Even after several years, the State does not know in what ways investment incentives helped the Czech Republic. Beneficiaries have drawn over CZK 75 billion.

Press Release on audit No 20/13 – 19 April 2021

The SAO examined the system for providing investment incentives. Since the adoption of a special law in 2000, the Ministry of Industry and Trade (MoIT) pledged to support 955 incentives by September 2020. By the end of 2019, beneficiaries had drawn more than CZK 75 billion, mostly in the form of an income tax credit. Most of the beneficiaries were from the manufacturing industry, mostly large Czech companies. The incentives were to help reduce unemployment, among other things.
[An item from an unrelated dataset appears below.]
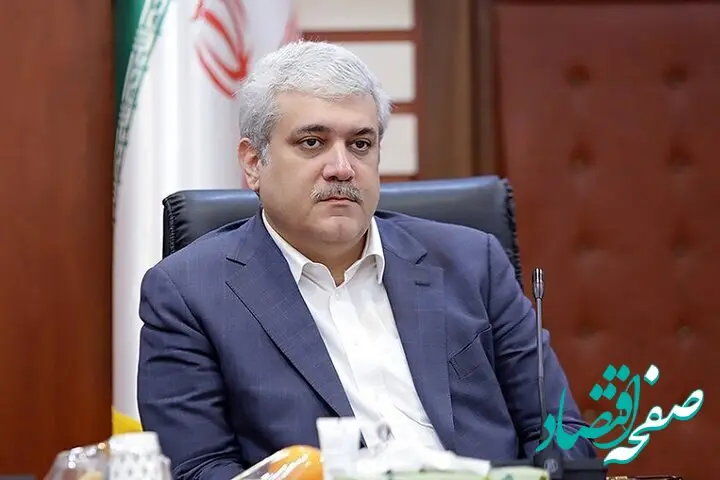 سورنا ستاری، مشاور شریعتمداری در امور نوآوری و اقتصاددانش بنیان شد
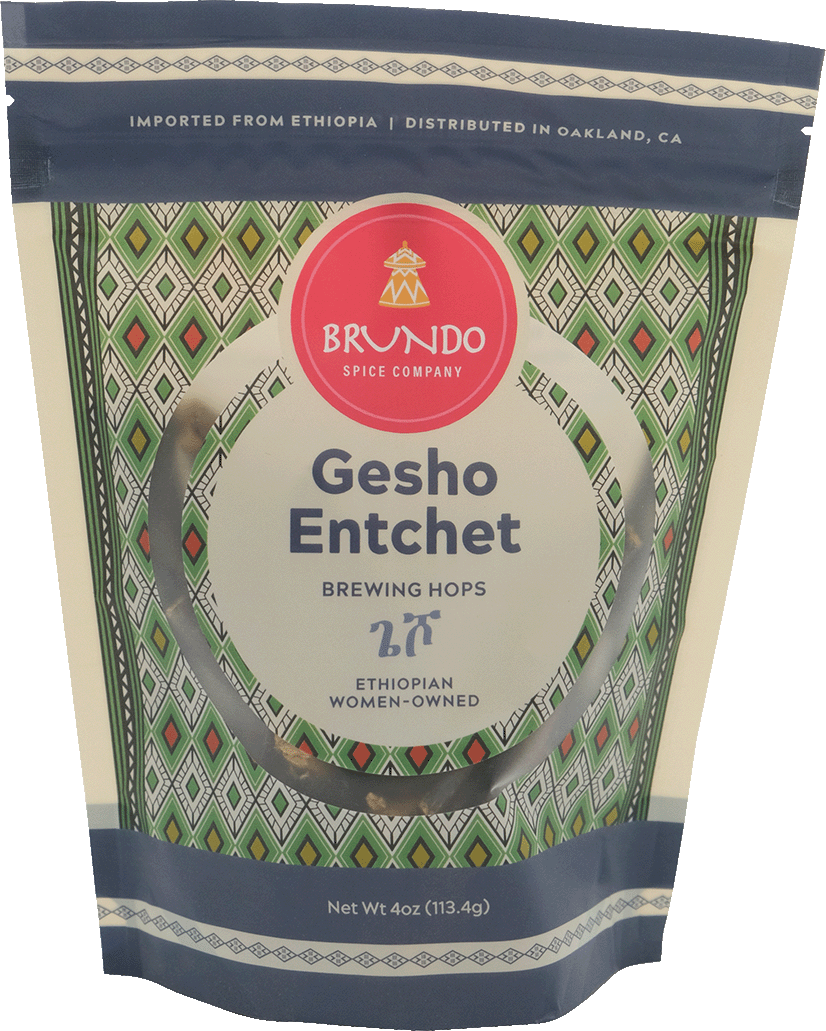 Order Gesho Entchet |ጌሾ| Hops Stems food online from Cafe Colucci store, Oakland on bringmethat.com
However, despite decreasing unemployment rates, the number of incentives was growing in recent years all the way until the end of 2018. The evaluations of the incentives granted do not indicate how they have specifically contributed to the economic development of the Czech Republic or to a higher employment rate. The audit did not find any formal errors in the administration of incentives on a selected sample of beneficiaries, both on the part of the MoIT and the CzechInvest agency.

The Investment Incentives Act was adopted in the year 2000, but the Czech state has been providing investment incentives on the basis of government resolutions since 1998. In 2008, the MoIT proposed to the government that the investment incentives granted under the law be abolished. An analysis of the University of Economics had shown that the incentives increased the gap between the most and least developed regions, distorted the market, and most incentives were aimed at sectors with a low added value. However, the government did not withdraw these incentives.

Since 2012, technology centres and strategic service centres can also benefit from incentives. However, by September 2020, only 20 such centres had received them. Companies in the manufacturing industry continued to show the greatest interest in investment incentives which have no obligation to generate a higher added value. The sector received 96% of the incentives pledged by the MoIT between 2012 and September 2020. The condition that the project must have a higher added value, such as recruiting people with higher qualifications, carrying out research, or cooperating with a research institution, was only added to the law in September 2019. The interest in incentives has dropped significantly since then.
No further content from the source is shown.